Finding and Using Research Articles
You will need to cite and integrate at least five articles from peer-reviewed scholarly journals into your final papers.
For example, if your character has depression and parents who are very harsh toward him, you may want to discuss research in your case conceptualization showing the role of parenting in childhood depression (as long as the research is relevant to the character’s experience). Or you may want to support your treatment plan section by discussing findings showing the effectiveness of a treatment for a specific population schizophrenia.
The majority of your references must be from the past 10 years.
With few exceptions, all of your references should be relevant articles from peer-reviewed journals. Exceptions may include a very relevant article from a respected periodical, such as the New York Times. These should be used sparingly and purposefully. For example, you may wish to highlight how a certain mental health problem has gained attention in the mass media, such as citing a Time Magazine article on social anxiety.
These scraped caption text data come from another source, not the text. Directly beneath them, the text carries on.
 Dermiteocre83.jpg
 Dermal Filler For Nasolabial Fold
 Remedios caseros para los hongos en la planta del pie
Do not cite from websites or the Kring textbook. If you need to provide basic information (e.g., DSM-5 criteria), cite the primary source, such as the DSM-5 itself (make sure to cite/reference it properly – google the reference!) or an article that presents the information.
You will need to conduct literature searches to find articles that you will highlight in your paper. While you may be tempted to use Google or similar search engines, it will be faster for you to conduct your literature searches via academic search engines.
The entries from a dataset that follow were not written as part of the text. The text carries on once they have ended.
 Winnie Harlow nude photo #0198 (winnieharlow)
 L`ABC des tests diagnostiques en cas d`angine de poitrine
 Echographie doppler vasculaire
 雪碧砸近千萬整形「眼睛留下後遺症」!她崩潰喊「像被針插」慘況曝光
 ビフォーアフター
For example, you can access many articles through the MSU library website at www.montclair.edu/library. In Search Our Resources, click Articles and enter keywords to facilitate your search.
Another popular search engine is Pubmed (pubmed.com).
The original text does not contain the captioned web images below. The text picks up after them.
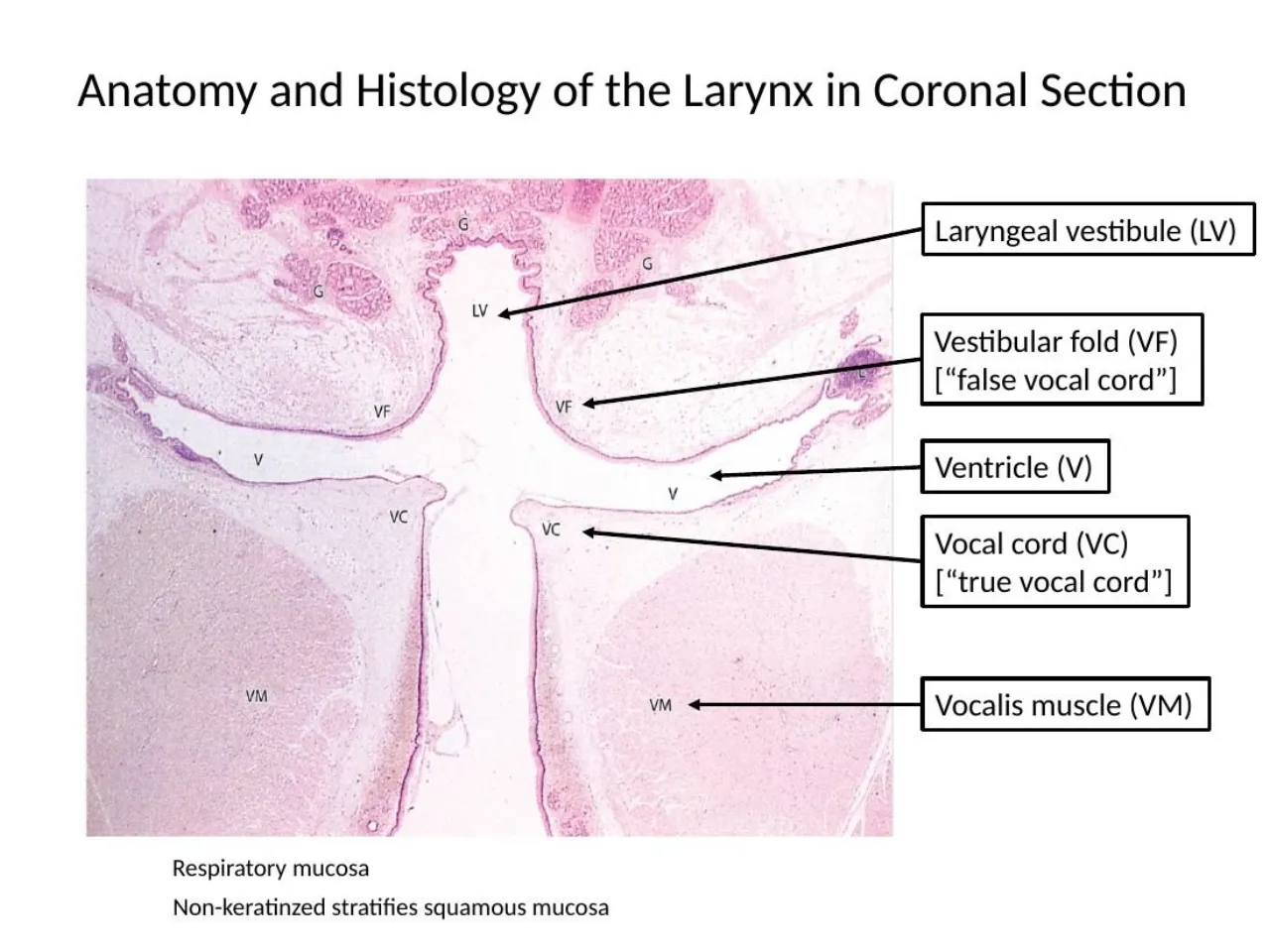 2026 lab: larynx coronal, vestibular fold, ventricle, vocal cord, vocalis; respiratory vs squamous mucosa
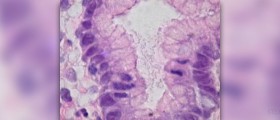 Inflammation of the stomach lining - gastritis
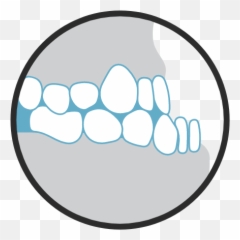 Orthodontic Conditions We Treat To Fix Your Bite - SMILE HOUZZ Language png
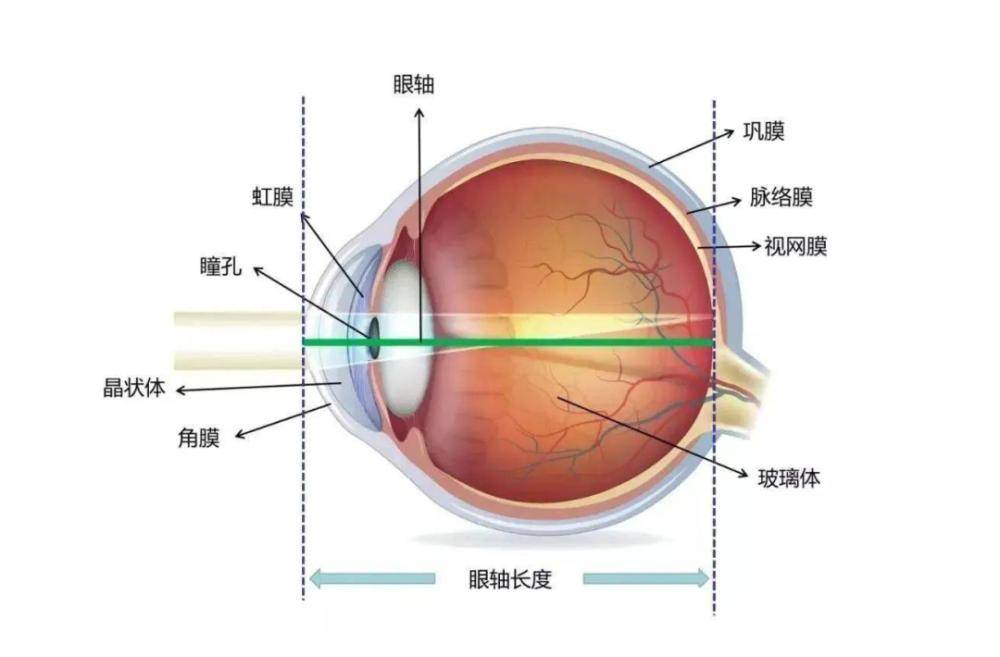 加延華 | 眼軸是什麼,為什麼說眼軸長度與近視有關?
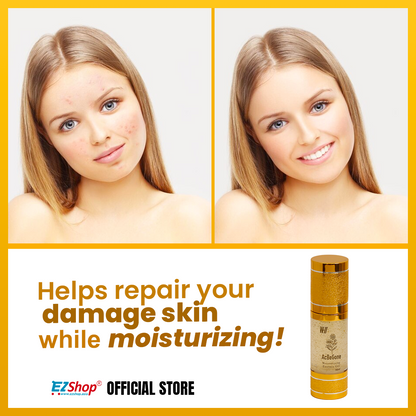 W-II Acbegone Moisturizing Essence Gel Bundle of 4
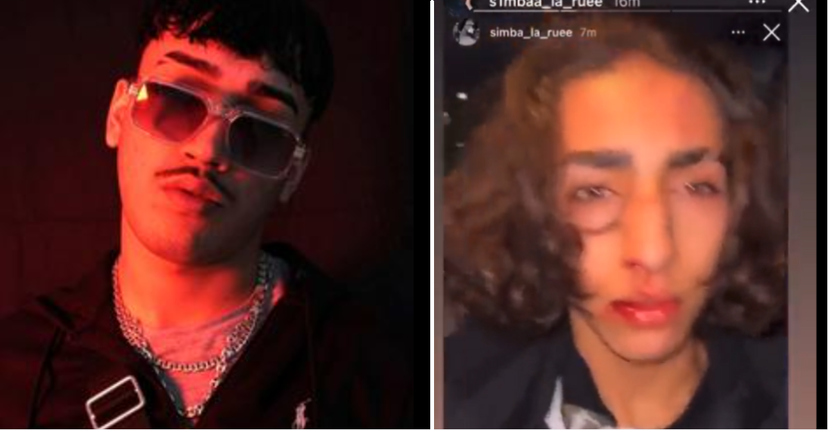 C’è una vendetta dietro Simba La Rue accoltellato? Il video di Baby Touche sanguinante article-post
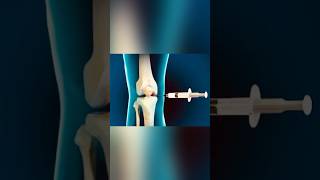 KNEE JOINT INJECTION  intraarticular injectionomkarclinic12369 [upl. by Annahvas726]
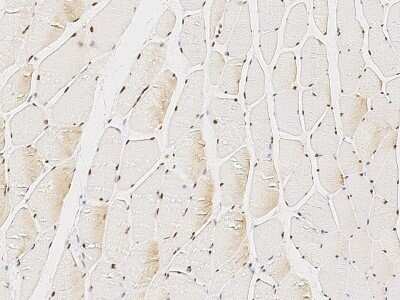 Immunohistochemistry-Paraffin: ANP32A Antibody [NBP2-99913]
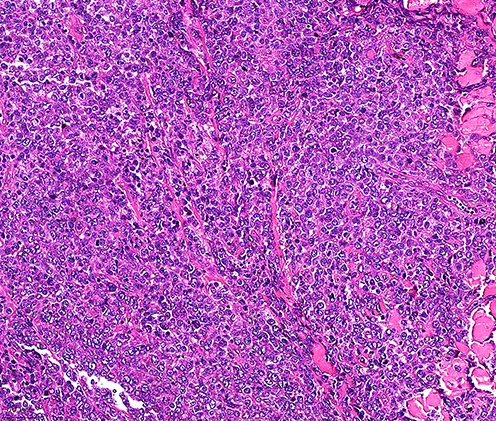 Figure 4 Histopathology of skin lesions: with large tumour cells, abundant cytoplasm, round or irregular nuclei, obvious nucleoli, obvious heterotypes, obvious interstitial phenomenon (HEx200).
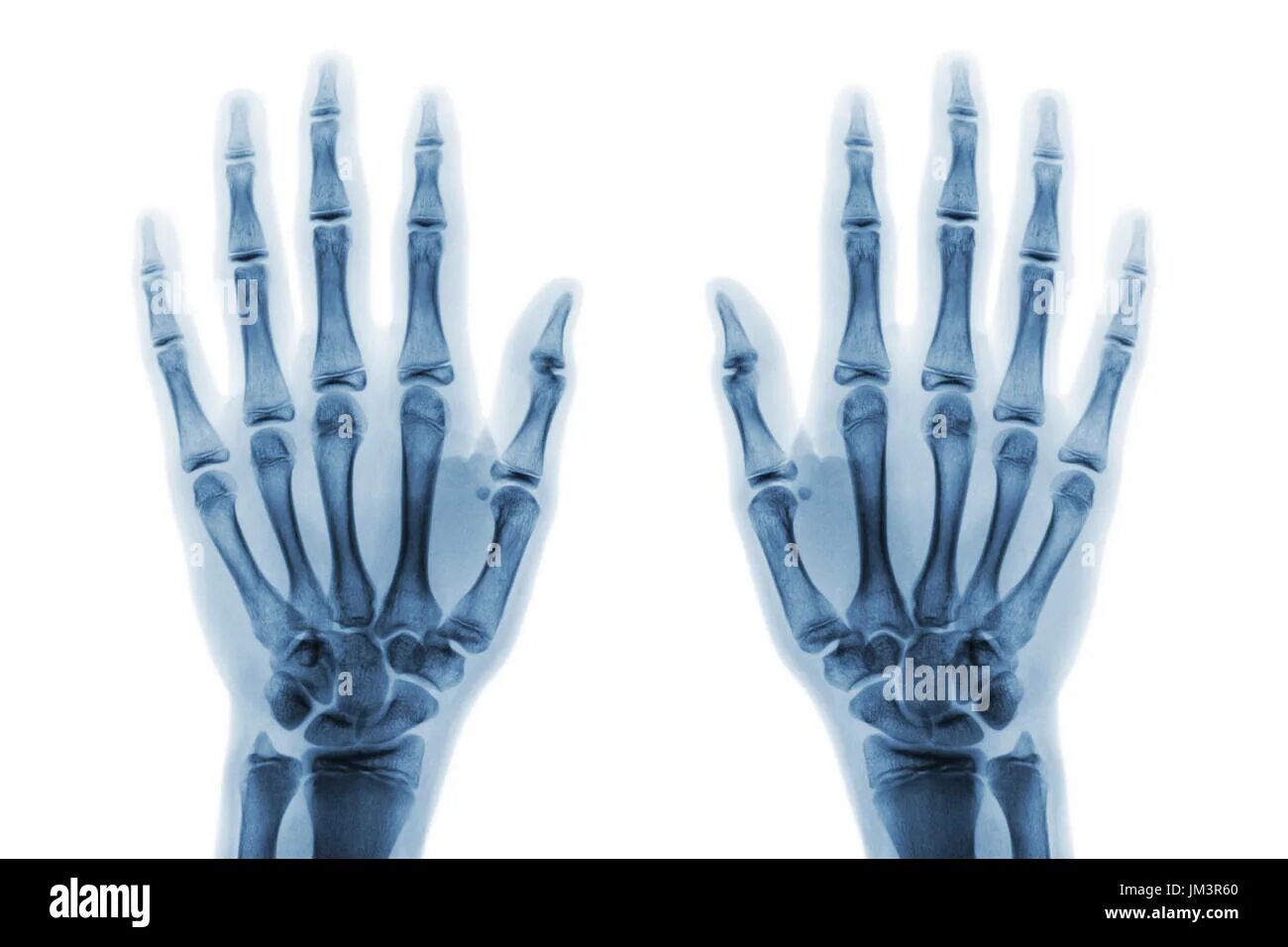 Рентген лучезапястного сустава кошки. Normal hand XRAY. Рентген руки с переломомопухшая рука. Main ap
When you find articles helpful to writing your paper, you can also look in reference sections of those articles to identify other articles to read.
You may also look through online issues of important journals in the field. Relevant journals include the Journal of Abnormal Psychology, Journal of Abnormal Child Psychology, Journal of Consulting and Clinical Psychology, Clinical Psychology Review, Journal of Anxiety Disorders, Depression and Anxiety, Behaviour Research and Therapy, and Addictive Behaviors.
How do I prepare my topic proposal?
Using an outline format, provide an overview of the film and main ideas/themes you will explore, consistent with the components described above. Your proposal (2-3 pages) should provide a clear understanding of the structure of your paper by identifying the main points in each section. You should think about how you would like to organize your paper, especially in terms of the order of information you will present. It may be helpful to identify additional subheadings that you will use in your paper to provide organization. Also, prepare the proposal as if I have not watched your film, which means you will need to be as clear and thorough as possible.
Provide at least three references that you intend to use in your paper. All references should be from peer-reviewed journal articles. In providing a list of references, please highlight for me the sections of your paper in which you will discuss these articles. It will be important for me to see that you have read through these articles already and have a clear understanding of how you will discuss them in your paper.
You should receive full credit for the proposal if you follow the above guidelines. Ways to lose points on the proposal include providing fewer than three references, not including main sections in your outline, and if it feels that you did not put forth sufficient effort.